Scienza

La fase finale dell’analisi sensoriale. Il retrogusto (o retrolfatto)

Questa fase dell'analisi sensoriale e ciò che ci lascia una pessima esperienza o un ottimo ricordo ed è ciò che rimane all'interno del nostro palato dopo aver deglutito il caffè

Capita purtroppo spesso di concludere un pasto con un caffè non all’altezza e di rimanere quindi con un retrogusto amaro e a volte bruciato in bocca. Il ricordo che ci rimane all’interno del palato dopo aver assaggiato qualcosa viene spesso chiamato retrogusto (e spesso la stessa voce si trova anche all’interno di alcune schede di assaggio). Ciò che però spesso trascuriamo è che buona parte di questa sensazione viene dal nostro olfatto, tanto che più corretto sarebbe chiamarlo retrolfatto. Così come accade per la distinzione dei sapori infatti, anche per l’attività retrogustativa o retrolfattiva è il nostro bulbo olfattivo, attraverso l’attività indiretta legata alla deglutizione, che ci aiuta a distinguere note positive o negative che rimangono all’interno del palato. Spesso è definito anche come “finale”, ovvero quella sensazione che resiste anche dopo diversi minuti dall’assaggio, e si confonde e mescola con la parte tattile.
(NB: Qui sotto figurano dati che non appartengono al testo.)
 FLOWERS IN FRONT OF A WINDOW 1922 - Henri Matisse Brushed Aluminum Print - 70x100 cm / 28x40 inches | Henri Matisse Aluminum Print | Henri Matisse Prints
Quando il retrogusto di in un caffè è positivo


Solitamente si tende a considerare il retrogusto di un caffè solo dal punto di vista della sua persistenza. Ci sono però alcune sensazioni che sono sì persistenti, ma non si possono definire del tutto positive. Pensiamo ad esempio proprio all’amaro e al bruciato, sono sapori e aromi molto intensi, ma che non possiamo definire gradevoli se la loro intensità supera una certa soglia. Stesso discorso vale per l’acidità: se eccessivamente marcata e prolungata, dà una sensazione balsamica quasi piccante di bruciore. Decisamente non una bella esperienza, per lo meno per la maggioranza dei consumatori. Così come per altri tipi di descrittori quindi, l’intensità non necessariamente va a braccetto con la qualità.
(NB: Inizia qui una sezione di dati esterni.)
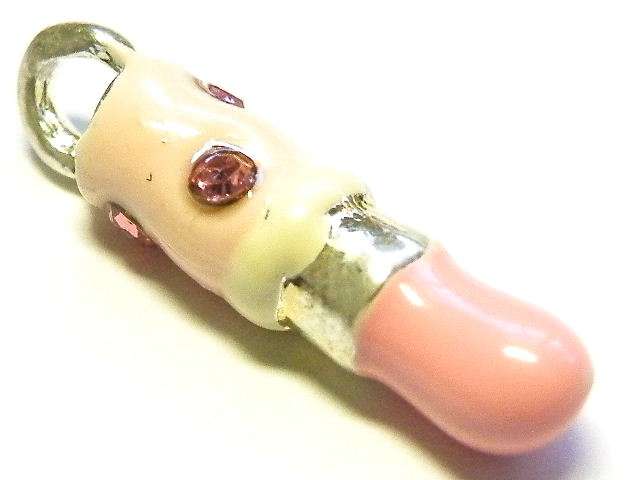 Pink Cloisonne Lipstick Charm, 20mm Nickel Silver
La bontà del retrogusto quindi fa emergere sentori legati alle reazioni di imbrunimento derivanti dalla tostatura. La fase centrale di un profilo di tostatura, dove si sviluppano gran parte delle reazioni di Maillard, darà vita a composti aromatici cosiddetti di distillazione secca, ovvero generati dalla rottura della parte fibrosa del chicco. Nella fase finale, avremo invece quasi esclusivamente caramelizzazione del saccarosio presente all’interno del chicco. Queste fasi saranno determinanti per creare complessità aromatica e viscosità, fondamentali per la nostra percezione positiva del retrogusto. In questo caso troveremo di conseguenza note gradevoli e persistenti di caramello, malto e frutta secca, unitamente ad una gradevole dolcezza e oleosità. Sentori di tipo enzimatico come il fruttato e il floreale saranno invece più mitigati in fase retronasale, data la volatilità e la complessità delle molecole odorose che li compongono. Va da sé che un caffè che riesce a conservare acidità e florealità anche in retrogusto sarà considerato di gran pregio. È il caso ad esempio della varietà arabica Gesha, che deve il suo successo proprio alla notevole complessità che la contraddistingue durante tutte le fasi di assaggio dalla fase olfattiva iniziale fino al termine dell’analisi gustativa.

A completare l’armoniosità del retrogusto interviene infine la parte tattile che enfatizza ancora di più la percezione del caramello, della dolcezza e del tostato.

Il gran finale


Pulito, persistente e poco amaro. Questi tre descrittori riferiti al retrogusto sono distintivi di un caffè di qualità. In altre parole assenza di difetti e dolcezza prolungata sono le parole chiave che determineranno un punteggio elevato in fase di analisi e che eviteranno al consumatore uno spiacevole finale con l’amaro in bocca, è il caso di dirlo, al termine di un pasto.